From a7016235a61d520e6806f38129001d935c4b6661 Mon Sep 17 00:00:00 2001
From: Hugh Dickins <hugh.dickins@tiscali.co.uk>
Date: Fri, 29 Jan 2010 17:46:34 +0000
Subject: mm: fix migratetype bug which slowed swapping

After memory pressure has forced it to dip into the reserves, 2.6.32's
5f8dcc21211a3d4e3a7a5ca366b469fb88117f61 "page-allocator: split per-cpu
list into one-list-per-migrate-type" has been returning MIGRATE_RESERVE
pages to the MIGRATE_MOVABLE free_list: in some sense depleting reserves.

Fix that in the most straightforward way (which, considering the overheads
of alternative approaches, is Mel's preference): the right migratetype is
already in page_private(page), but free_pcppages_bulk() wasn't using it.

How did this bug show up?  As a 20% slowdown in my tmpfs loop kbuild
swapping tests, on PowerMac G5 with SLUB allocator.  Bisecting to that
commit was easy, but explaining the magnitude of the slowdown not easy.

The same effect appears, but much less markedly, with SLAB, and even
less markedly on other machines (the PowerMac divides into fewer zones
than x86, I think that may be a factor).  We guess that lumpy reclaim
of short-lived high-order pages is implicated in some way, and probably
this bug has been tickling a poor decision somewhere in page reclaim.

But instrumentation hasn't told me much, I've run out of time and
imagination to determine exactly what's going on, and shouldn't hold up
the fix any longer: it's valid, and might even fix other misbehaviours.
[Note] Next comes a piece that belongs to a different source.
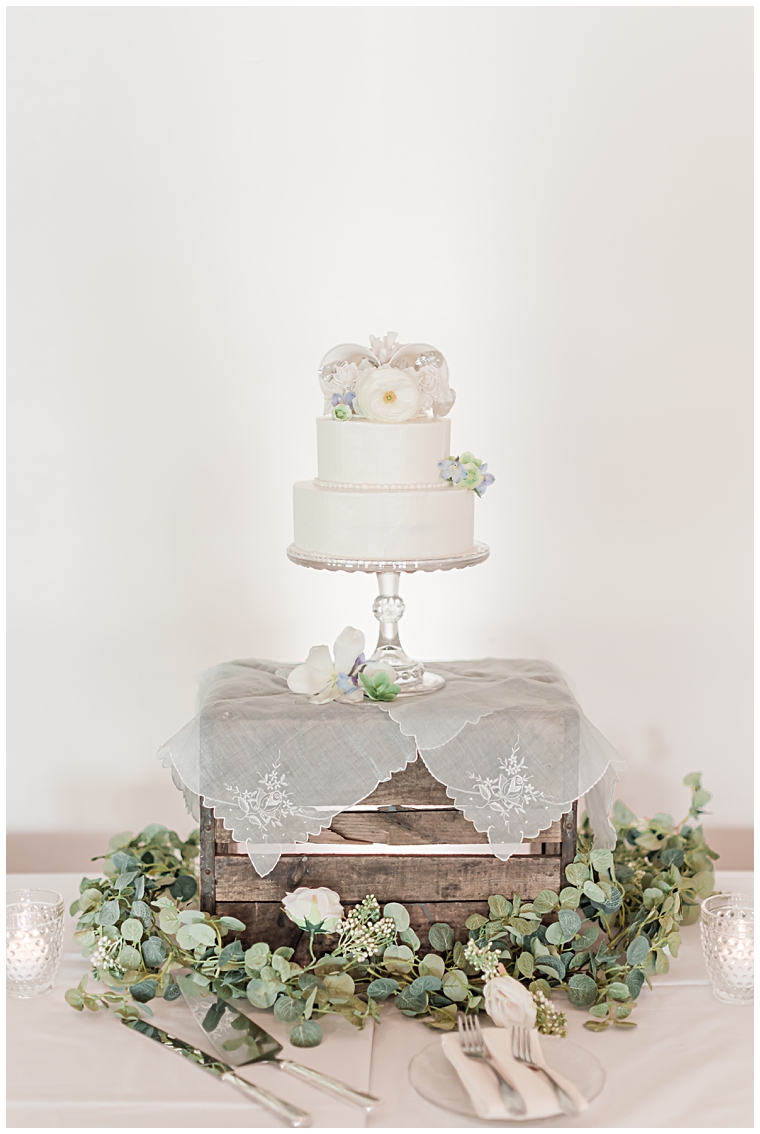 A beautiful wedding cake sits atop lace doilies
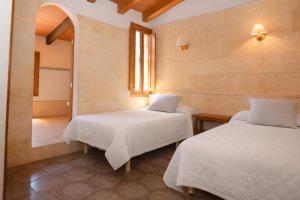 a room with two beds and a mirror at 409 Villa Can Bril ETV1523 by Mallorca Charme in Campos +25 photos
Signed-off-by: Hugh Dickins <hugh.dickins@tiscali.co.uk>
Acked-by: Mel Gorman <mel@csn.ul.ie>
Cc: stable@kernel.org
Signed-off-by: Linus Torvalds <torvalds@linux-foundation.org>
---
 mm/page_alloc.c | 5 +++--
 1 file changed, 3 insertions(+), 2 deletions(-)

(limited to 'mm')

diff --git a/mm/page_alloc.c b/mm/page_alloc.c
index d2a8889b4c58..8deb9d0fd5b1 100644
--- a/mm/page_alloc.c
+++ b/mm/page_alloc.c
@@ -556,8 +556,9 @@ static void free_pcppages_bulk(struct zone *zone, int count,
 			page = list_entry(list->prev, struct page, lru);
 			/* must delete as __free_one_page list manipulates */
 			list_del(&page->lru);
-			__free_one_page(page, zone, 0, migratetype);
-			trace_mm_page_pcpu_drain(page, 0, migratetype);
+			/* MIGRATE_MOVABLE list may include MIGRATE_RESERVEs */
+			__free_one_page(page, zone, 0, page_private(page));
+			trace_mm_page_pcpu_drain(page, 0, page_private(page));
 		} while (--count && --batch_free && !list_empty(list));
 	}
 	spin_unlock(&zone->lock);
-- 
cgit v1.2.3-59-g8ed1b